EXERCISE DESCRIPTION -> Among the lines below, a stretch begins at the one with "N553AE — - Two" and ends at the one with "Gruppe von Kindern". Repeat that stretch exactly, ends included.
_ _ _ _ _
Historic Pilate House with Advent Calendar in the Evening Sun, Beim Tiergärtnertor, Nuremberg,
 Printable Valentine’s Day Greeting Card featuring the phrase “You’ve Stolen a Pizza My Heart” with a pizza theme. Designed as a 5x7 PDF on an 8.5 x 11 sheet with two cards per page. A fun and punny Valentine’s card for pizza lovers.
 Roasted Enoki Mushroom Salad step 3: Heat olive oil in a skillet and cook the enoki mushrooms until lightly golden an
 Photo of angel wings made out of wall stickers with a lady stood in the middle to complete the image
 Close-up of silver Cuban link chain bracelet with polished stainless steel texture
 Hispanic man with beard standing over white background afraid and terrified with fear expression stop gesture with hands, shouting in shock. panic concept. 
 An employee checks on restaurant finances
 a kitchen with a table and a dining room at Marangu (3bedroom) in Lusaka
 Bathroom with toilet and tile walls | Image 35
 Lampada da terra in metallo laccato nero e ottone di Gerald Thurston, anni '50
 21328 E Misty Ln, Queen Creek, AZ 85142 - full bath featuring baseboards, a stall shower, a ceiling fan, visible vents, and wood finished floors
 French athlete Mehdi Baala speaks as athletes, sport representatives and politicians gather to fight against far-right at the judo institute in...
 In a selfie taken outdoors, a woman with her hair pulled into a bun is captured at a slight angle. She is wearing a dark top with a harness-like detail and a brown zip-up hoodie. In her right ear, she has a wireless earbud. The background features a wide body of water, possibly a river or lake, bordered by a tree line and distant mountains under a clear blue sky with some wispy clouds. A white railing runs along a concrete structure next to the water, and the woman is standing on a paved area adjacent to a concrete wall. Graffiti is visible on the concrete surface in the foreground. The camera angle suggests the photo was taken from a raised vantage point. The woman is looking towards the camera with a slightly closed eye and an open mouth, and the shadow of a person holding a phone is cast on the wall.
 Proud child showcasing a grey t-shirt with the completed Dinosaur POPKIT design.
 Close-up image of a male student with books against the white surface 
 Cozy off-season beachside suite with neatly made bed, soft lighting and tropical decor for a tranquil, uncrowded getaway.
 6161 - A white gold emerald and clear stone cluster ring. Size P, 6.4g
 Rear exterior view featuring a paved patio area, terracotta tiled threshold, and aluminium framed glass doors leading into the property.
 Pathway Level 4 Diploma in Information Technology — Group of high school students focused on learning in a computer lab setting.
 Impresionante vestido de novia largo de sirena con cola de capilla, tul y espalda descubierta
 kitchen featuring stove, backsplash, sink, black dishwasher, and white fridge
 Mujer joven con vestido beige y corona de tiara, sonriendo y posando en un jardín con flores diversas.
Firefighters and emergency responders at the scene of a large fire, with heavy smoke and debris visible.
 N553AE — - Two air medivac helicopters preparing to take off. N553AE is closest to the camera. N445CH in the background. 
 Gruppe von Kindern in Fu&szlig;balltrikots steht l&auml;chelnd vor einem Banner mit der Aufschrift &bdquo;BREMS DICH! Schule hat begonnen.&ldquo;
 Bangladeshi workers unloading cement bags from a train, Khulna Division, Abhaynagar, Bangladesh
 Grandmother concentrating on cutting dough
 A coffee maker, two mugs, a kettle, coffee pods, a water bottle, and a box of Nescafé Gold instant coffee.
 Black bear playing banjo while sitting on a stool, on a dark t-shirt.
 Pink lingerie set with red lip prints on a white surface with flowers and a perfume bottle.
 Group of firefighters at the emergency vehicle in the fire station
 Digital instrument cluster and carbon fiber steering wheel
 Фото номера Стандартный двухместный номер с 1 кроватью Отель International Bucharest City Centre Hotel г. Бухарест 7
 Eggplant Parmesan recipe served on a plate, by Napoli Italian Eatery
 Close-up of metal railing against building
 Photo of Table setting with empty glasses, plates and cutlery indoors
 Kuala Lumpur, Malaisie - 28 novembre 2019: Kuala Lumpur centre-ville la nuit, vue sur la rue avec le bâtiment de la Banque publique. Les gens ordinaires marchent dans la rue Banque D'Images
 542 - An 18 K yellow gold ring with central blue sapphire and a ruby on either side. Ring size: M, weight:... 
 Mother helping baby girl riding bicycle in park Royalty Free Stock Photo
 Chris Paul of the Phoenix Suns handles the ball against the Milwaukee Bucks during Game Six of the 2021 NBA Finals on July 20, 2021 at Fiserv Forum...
_ _ _ _ _
TASK OUTPUT ->
 N553AE — - Two air medivac helicopters preparing to take off. N553AE is closest to the camera. N445CH in the background. 
 Gruppe von Kindern in Fu&szlig;balltrikots steht l&auml;chelnd vor einem Banner mit der Aufschrift &bdquo;BREMS DICH! Schule hat begonnen.&ldquo;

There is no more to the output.